AVAILABLE DATA:

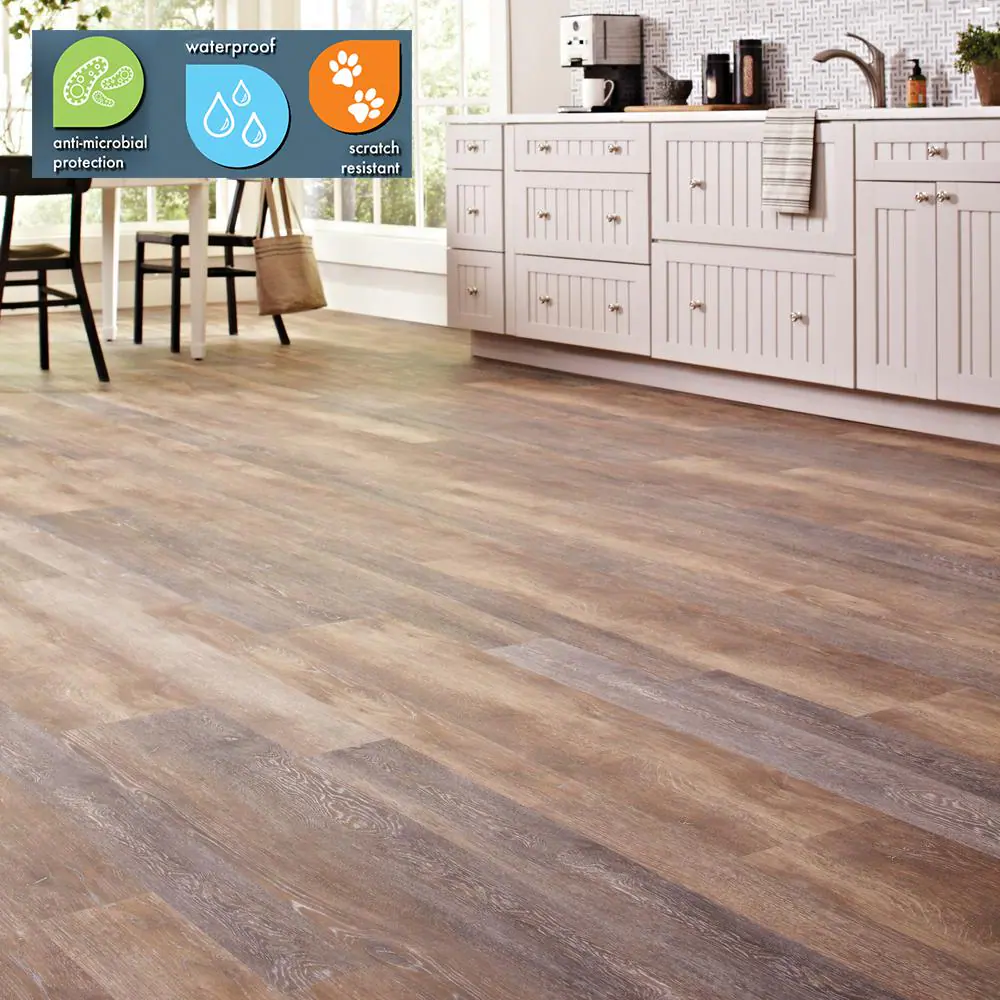Lifeproof Walton Oak 6 MIL x Multi-Width x 48 in. L Click Lock Waterproof Luxury Vinyl Plank Flooring (19.5 sqft/case)
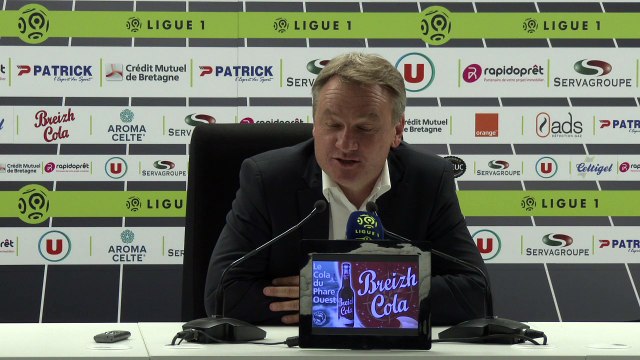La réaction de Frédéric Hantz après EAG-Montpellier (1-1)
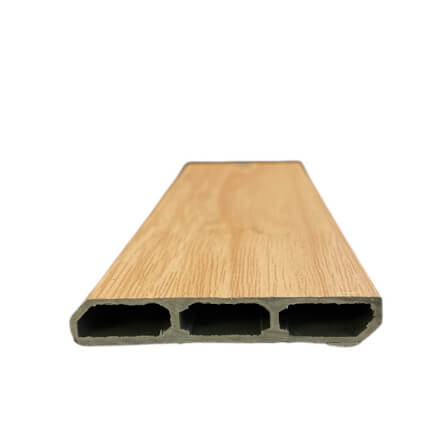 บัวพื้น PVC I.D.DECORATION รุ่น 039 ขนาด 5 X 0.8 X 300 ซม. สีเมเปิ้ล หนา 2 นิ้ว_2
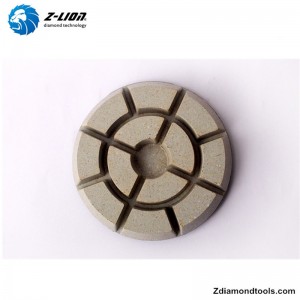 Almohadillas de pulido de concreto de resina ZL-16KM con relleno de metal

WHAT IS EXPECTED:
Each line from the one with "La réaction de" to the final line of the data above is to be printed exactly; no picture should appear in the copy.

RESULT FOR THIS EXERCISE:
La réaction de Frédéric Hantz après EAG-Montpellier (1-1)
 บัวพื้น PVC I.D.DECORATION รุ่น 039 ขนาด 5 X 0.8 X 300 ซม. สีเมเปิ้ล หนา 2 นิ้ว_2
 Almohadillas de pulido de concreto de resina ZL-16KM con relleno de metal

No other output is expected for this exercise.